§ **Source data**:
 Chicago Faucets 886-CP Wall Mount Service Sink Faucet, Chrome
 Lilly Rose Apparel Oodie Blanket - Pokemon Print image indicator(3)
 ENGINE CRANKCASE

...

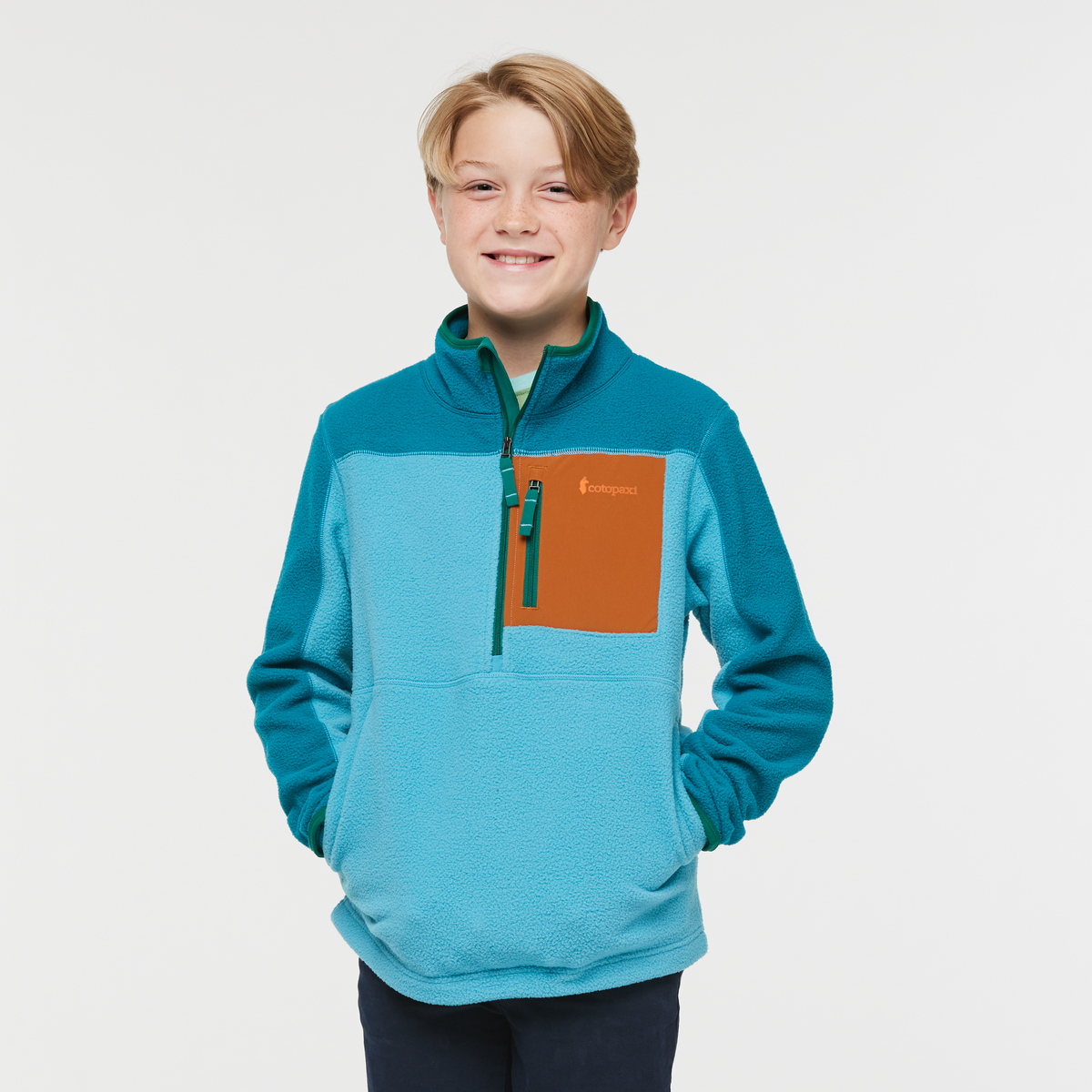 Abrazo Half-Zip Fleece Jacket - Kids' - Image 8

==

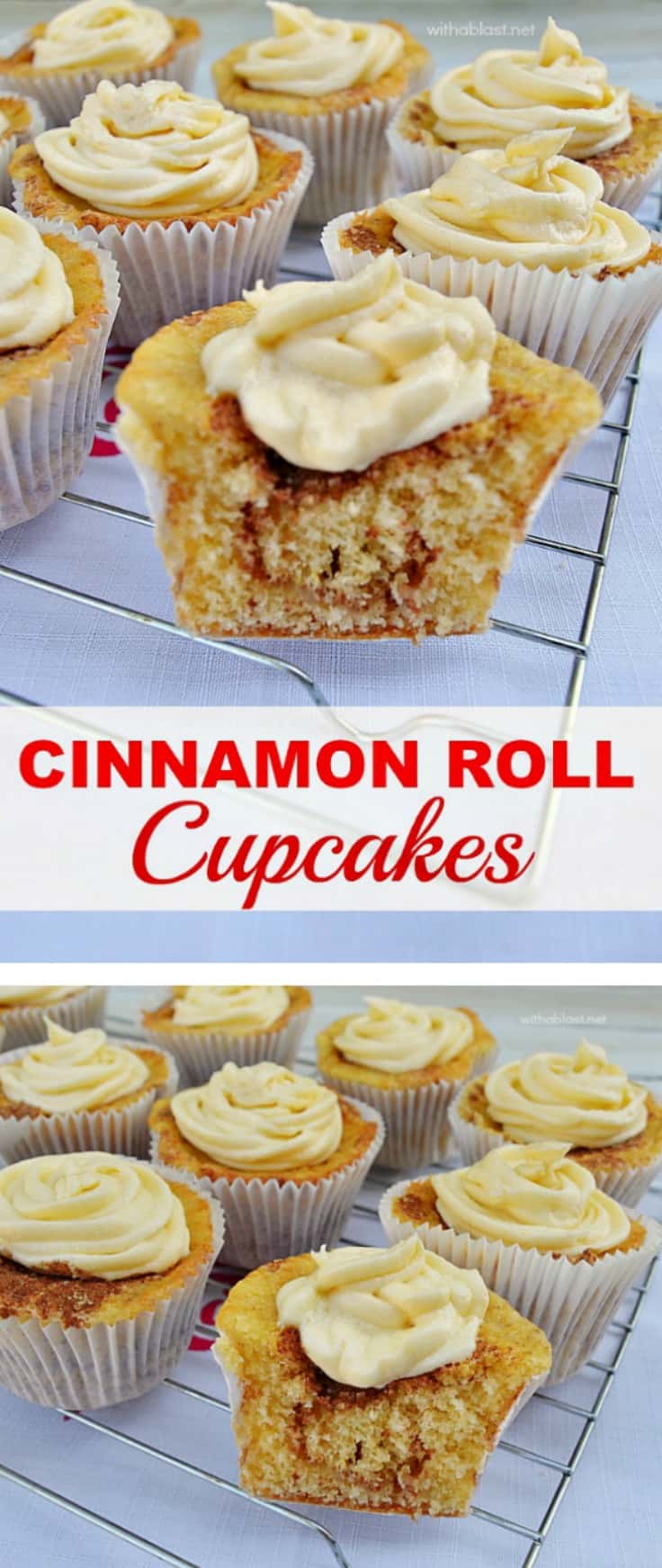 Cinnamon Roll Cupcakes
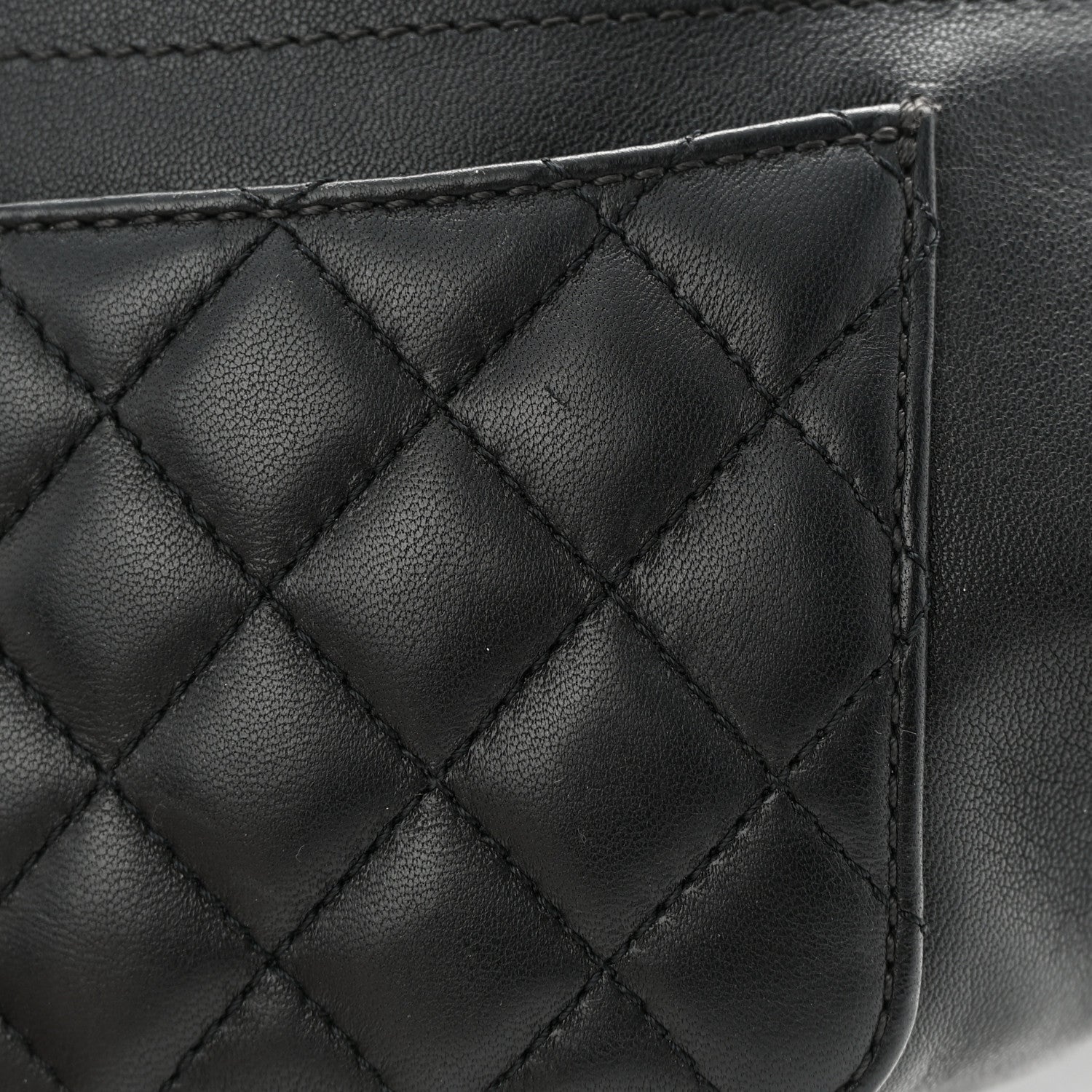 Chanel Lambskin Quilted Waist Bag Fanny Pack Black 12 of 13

§ **Problem to solve**: An exact, complete copy of the lines above from the one with "Lilly Rose Apparel" through the one with "ENGINE CRANKCASE" is the whole answer.

§ **Solution to the problem**:
 Lilly Rose Apparel Oodie Blanket - Pokemon Print image indicator(3)
 ENGINE CRANKCASE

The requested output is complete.